Larry Kerchner is one of four people who were recently elected by the Drum Corps International Hall of Fame Committee for induction into the DCI Hall of Fame for 2007. Kerchner started his drum corps days in the early 1960s as a brass player with the Blue Rock Drum and Bugle Corps of Delaware. While in the corps, he played soprano, French horn, mellophone and contra, and then started arranging music for the corps.

Larry Kerchner
A graduate of the Berklee College of Music and a student of the New England Conservatory of Music and Boston Conservatory of Music, Kerchner has written music for or taught more than 130 drum corps, perhaps most remembered in the junior corps world for his work with Troopers, Bridgemen, Muchachos, Blue Rock, Sky Ryders, Spirit and the early days of Star of Indiana. For many years, it was practically impossible to attend a drum corps show and not hear a Larry Kerchner arrangement on the field. He has more than 300 published compositions and arrangements to his credit and has been nominated for a Grammy Award. "Absolutely no one else can create his signature sound, though many of us have 'borrowed' liberally from him over the years," said Frank Dorritie, a Grammy Award-winning producer. Kerchner also has written for a variety of stage performers, was an Individual Artist Fellowship recipient and a featured performer in numerous ASCAP Songwriters' Showcases. Former Bridgemen drum major James Jordan remembers learning under Kerchner's tutelage. "Larry's music has always embodied the true spirit of the original compositions and the spirit of our corps," Jordan said. "But, Larry, being the genius that he truly is, also has taken the music to a totally new and uncharted level of communication with both the corps and the audience."

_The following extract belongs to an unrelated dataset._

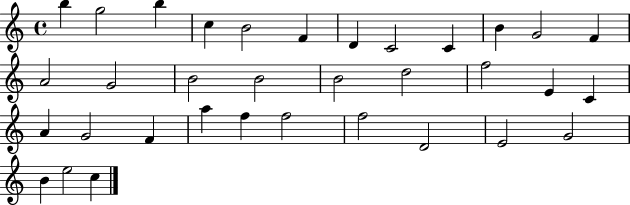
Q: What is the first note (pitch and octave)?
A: B5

Drum Corps International Hall of Fame judge J. Clarke Williams worked with Kerchner, recalling, "Listening as he would visualize the connection his music would have with the audience were moments that allowed all of us on the design team to focus—with a sense of unity—on the creative process." DCI Hall of Fame member Dennis DeLucia refers to Kerchner as one of the "brass arrangers who is responsible for drum corps' emergence in the 1970s and 1980s as an American art form that matured and flourished under the DCI banner, and became an acceptable and positive influence on bands and music education programs in the United States [and elsewhere]." No stranger to receiving honors, Kerchner was inducted into the Massachusetts Drum Corps Hall of Fame in 2000, the World Drum Corps Hall of Fame in 2001 and the New Jersey Drum Corps Hall of Fame in 2006.